Megan Garber notes that more people are willing to READ FULL ARTICLES on their phones:
Earlier this month, Buzzfeed published a piece called "Why I Bought a House in Detroit for $500." The story ended up getting more than a million pageviews, which is notable because it is also more than 6,000 words long. The other notable thing: 47 percent of those views came from people accessing the story on mobile devices. And while people who read the piece on tablets spent an average of more than 12 minutes with the story, those doing so on phones spent more than 25 minutes—a small eternity, in Internet time.
Those stats are, if not counterintuitive, then counter-conventional: The working assumption, among media executives and most of the public who cares about such things, has long been that phones are best suited for quick-hit stories and tweets rather than immersive, longform reads. And while content producers have attempted to take advantage of the "lean-back" capabilities of the tablet (see, for example, tablet-optimized products like The Atavist), phone use has generally been seen as flitting and fleeting—the stuff of grocery store lines and bus rides. "The average mobile reader tends to skim through headlines and snackable content as opposed to diving into long-form articles," Mobile Marketer put it in late October.

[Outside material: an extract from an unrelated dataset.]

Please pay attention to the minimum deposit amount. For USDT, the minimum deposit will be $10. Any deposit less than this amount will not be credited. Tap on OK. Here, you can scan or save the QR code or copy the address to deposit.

Overall, Buzzfeed now gets more than 50 percent of its traffic from mobile visits. Things are shifting, though, and not just when it comes to text articles. A survey of 50,000 people published late last year found 65 percent of mobile video viewers saying they preferred watching full movies and TV episodes to briefer stuff (music videos, movie clips) on their phones. In another survey, 8 in 10 people said they would watch TV shows on their phones, were the shows available. And even more (88 percent) said they would watch full-length movies.

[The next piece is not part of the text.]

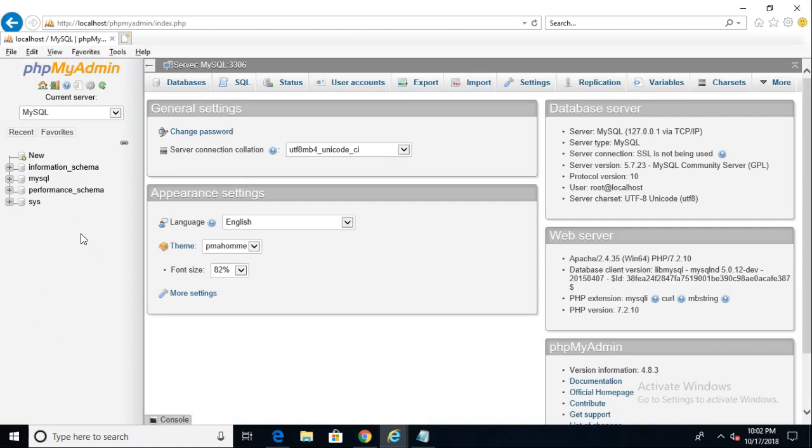In this video, we're going to see how to create a new database in MySQL using PHP Admin.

This is counter-intuitive to conventional wisdom that people only want small pieces of content on phones.
People aren't just READING on their phones more. They're also SHARING on their phones more:
Those stories can also benefit from people's desire to share quality stories along with Imgur pics and cat videos. "Why I Bought a House in Detroit for $500" has, so far, more than 132,000 Facebook likes, and more than 4,000 Twitter shares. Wired's long article "How a Radical New Teaching Method Could Unleash a Generation of Geniuses" got more than 1 million unique viewers, with an average time-on-page of 5 minutes. The New York Times's "Snowfall" got more than 2.9 million visitors and 3.5 million page views. Magazine-style journalism is an investment, but it's one that can pay off. Particularly when people are happy to lean back, curl up, and read a long story from the comfort of their phones.